Он любил стихи, но у него были раз и навсегда усвоенные правила касательно «благозвучности» и «красоты» поэзии, которыми он руководствовался, когда судил. В прозе они тоже мешали ему, делали его суждения сухими, но когда он говорил или писал о стихах, это часто бывало нестерпимо. Вот что однажды написал он мне — в этой цитате, очень для него характерной, отразилось все его отношение к поэтам и поэзии:
Мне кажется, что определение: «поэт — эхо мировой жизни» — самое верное... Разве есть что-нибудь лучше литературы — искусства слова? Ничего нет.
Трудно поверить, что этот человек мог плакать настоящими слезами от стихов Пушкина, Блока... впрочем, не только Пушкина и Блока, но и Огурцова, и Бабкина, и многих других.
Горничная, убрав со стола, ушла. За окном стемнело. Теперь Горький рассказывал. Много раз после этого вечера я слышала эти же самые рассказы — о том же самом, рассказанные теми же словами таким же неопытным слушателям, какой была я тогда. Но, слушая Горького впервые, нельзя было не восхититься его даром. Трудно рассказать об этом людям, его не слышавшим. Сейчас талантливых рассказчиков становится все меньше, поколение, родившееся в этом столетии, будучи само несколько косноязычным, вообще не очень любит слушать ораторов за чайным столом. У Горького в устных его рассказах было то хорошо, что он говорил не совсем то, что писал, и не совсем так, как писал: без нравоучений, без подчеркиваний, просто так, как было.

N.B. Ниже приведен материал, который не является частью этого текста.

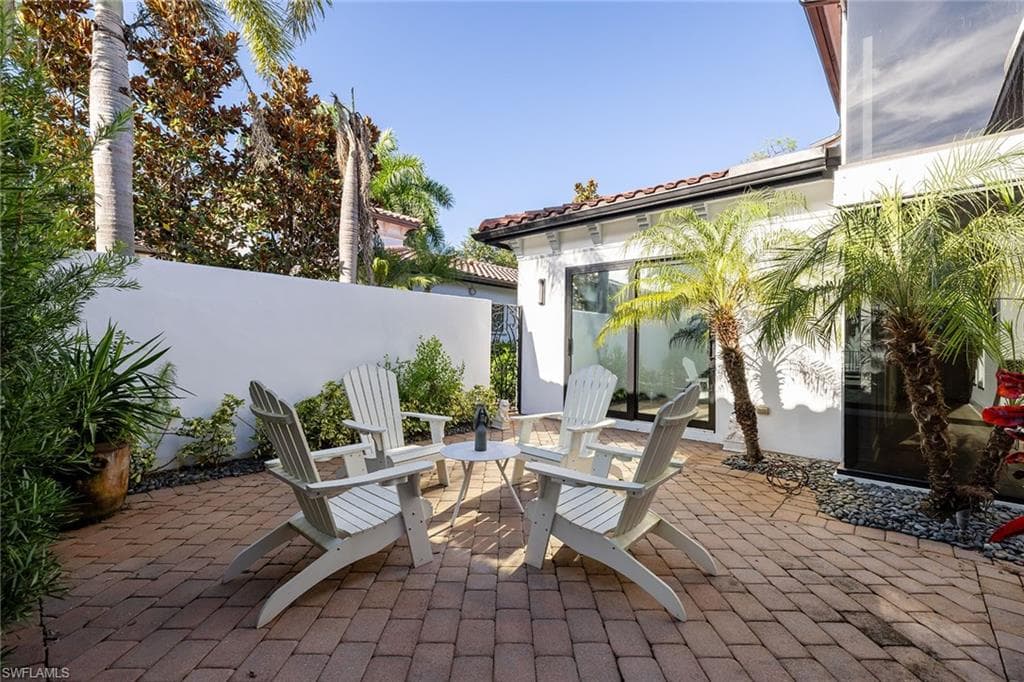 16811 Cabreo Dr, Naples, FL 34110-19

Для него всегда был важен факт, случай из действительной жизни. К человеческому воображению он относился враждебно, сказок не понимал.
— Да ведь это действительно так и было! — восклицал он с восторгом, прочтя какой-нибудь рассказ или очерк.

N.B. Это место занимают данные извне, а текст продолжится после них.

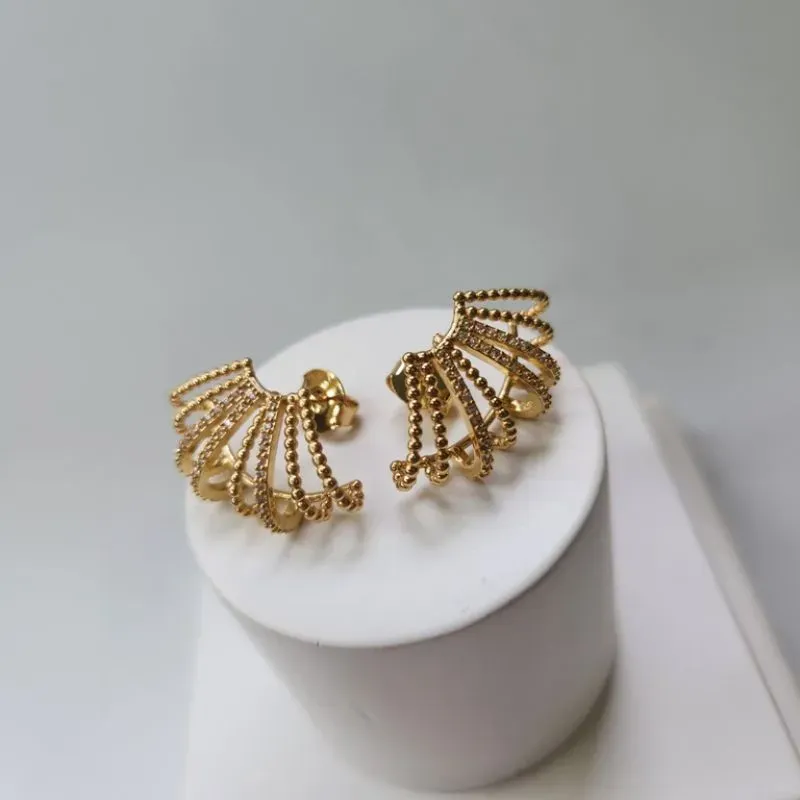 BRINCO OURO CONCHA Z BOLINHAS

— Это было совершенно не так, — сказал он мрачно о «Бездне» Леонида Андреева. — Он присочинил конец, и я с ним после этого поссорился.
А вместе с тем у него не было последовательности, и в одном из его писем (ноябрь 1925 года) можно найти такую фразу: «Я не любил фактов и с величайшим удовольствием искажал их». Что это значит? Только то, что он «поступательный ход» революционного будущего любил еще больше фактов и искажал эти последние в пользу революционного будущего.
Часы показывали второй час ночи. Я слушала. Мне казалось, что я хожу с ним вместе по России, сорок лет тому назад, — с Волги на Дон, из Крыма на Украину. Все было здесь: и нижегородские анекдоты, и время политических преследований, и знаменитое побоище в одном селе, когда он вступился за избиваемую женщину, и начало Художественного театра, и Америка. Руки его лежали на столе, лицо с характерными открытыми ноздрями и висячими усами было поднято, голос, колеблясь, то удалялся от меня — и это значит, что дремота одолевает меня, то приближался ко мне — и это значит, что я широко открываю глаза, боюсь заснуть. Что делать! Морской воздух, путешествие, молодость делали то, что я с трудом удерживалась от того, чтобы не положить голову на стол.
Ему не надо было ставить вопросов. Подпершись одной рукой, другой шевеля перед собой, он говорил и курил; когда закуривал, то не гасил спичек, а складывал из них в пепельнице костер. Наконец он взглянул на меня пристально.
— Пора спать, — сказал он улыбаясь, — уведите поэтессу.